Apa yang dibaca Uyung, mestilah Kifli membaca pula. Jadi, jika Uyung mempunyai bacaan yang baru, ia selalu mengajak Kifli. Begitu pula sebaliknya, jika Kifli sudah membaca, Uyung diberinya bacaan tersebut. Walaupun di pekon, boleh dibilang tidak ada halangan bagi Uyung dan Kifli hendak memenuhi rasa haus mereka terhadap bacaan. Buku-buku cerita dan komik dari perpustakaan sekolah, langganan koran, majalah Sahabat Pena terbitan Kantor Pos, majalah-majalah cerita, majalah keluarga, dan majalah wanita… semua ada saja dari banyak sumber.
Ketika SD mereka berdua sudah membaca novel-novel karya penulis luar negeri seperti Sebatang Kara karya Hector Malot, Tom Sawyer karya Mark Twain, dan Oliver Twist karya Charles Dickens, yang sudah diterjemahkan ke bahasa Indonesia. Cerita-cerita anak Mansur Samin cukup melekat dalam hati mereka berdua yang menyuburkan jiwa pemberontak.
Begitulah Uyung dan Kifli terus berjalan-terbang bersama bacaan-bacaan mereka berdua.
Hanya satu yang tidak bisa ditiru Uyung dari Kifli, yaitu main catur. Jika Kifli bermain catur, Uyung lebih memilih kegiatan lain seperti membolak-balik majalah, koran atau buku yang ada. Sesekali, Uyung pura-pura mengerti memperhatikan Kifli main catur.
“Ster,” kata Kifli didengar Uyung.
Terkadang pula yang bermain berseru, “Sekak!”
Ada juga, “Aih… sekilit[1]. Ulang… ulang….”
Entah, Uyung tidak mengerti.
Satu lagi yang tak bisa ditiru dari karibnya ini ketika jajan pecal.
“Makngah, minta pecal satu,” ujar Kifli kepada penjual pecal dekat Surau Tamanjaya sebelum masuk ngaji.

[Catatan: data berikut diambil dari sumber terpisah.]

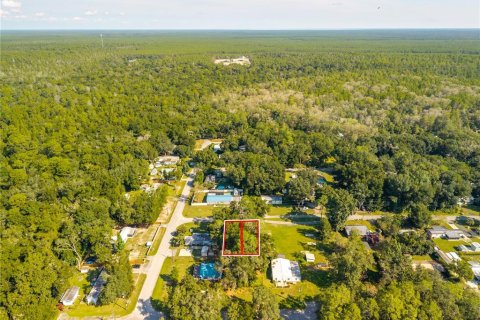 Land in Altoona, Florida № 2395861 - photo 11
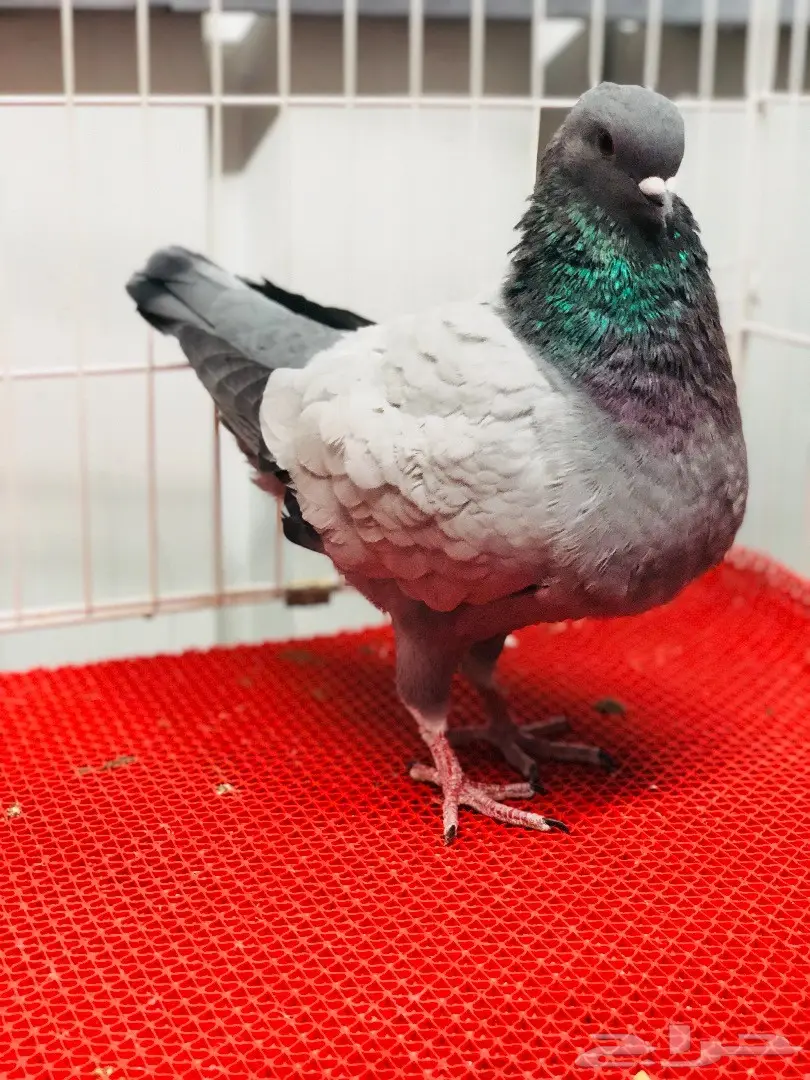 جوز كنق مودينا بارلس نوادر للبيع  (image 16)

Meskipun tahu Kifli suka yang pedas-pedas, Makngah penjual pecal tetap saja bertanya, “Pedas tidak? Berapa cabe?”
“Cabe-nya 17 buah,” ujar Kifli.
“Aih, Kifli, habis cabe-ku. Cabe mahal. Jangan banyak-banyak,” omel Makngah.
“Tidak jadi beli pecal,” Kifli singut.
“Nah, jangan begitu. Sudahlan, sepuluh saja cabe-nya,” Makngah menawar.
“Nggak. Tujuh belas…,” Kifli tak mau kurang.
“Ya, sudah,” ujar Makngah.
Makngah mengambil cabai rawit dari tempatnya dan meletakkannya ke rapak[2]. Siap hendak menggilingnya.
“Tunggu… Kurang cabe-nya itu,” ujar Kifli.
“Tidak percaya. Itung…”
Kifli menghitung cabai di rapak.
“Satu, dua, tiga, empat… Dua belas. Kurang lima lagi,” Kifli tak bisa dibohongi.
“Inai kidah, Kifli, ini ditambah lima lagi,” Makngah mengalah.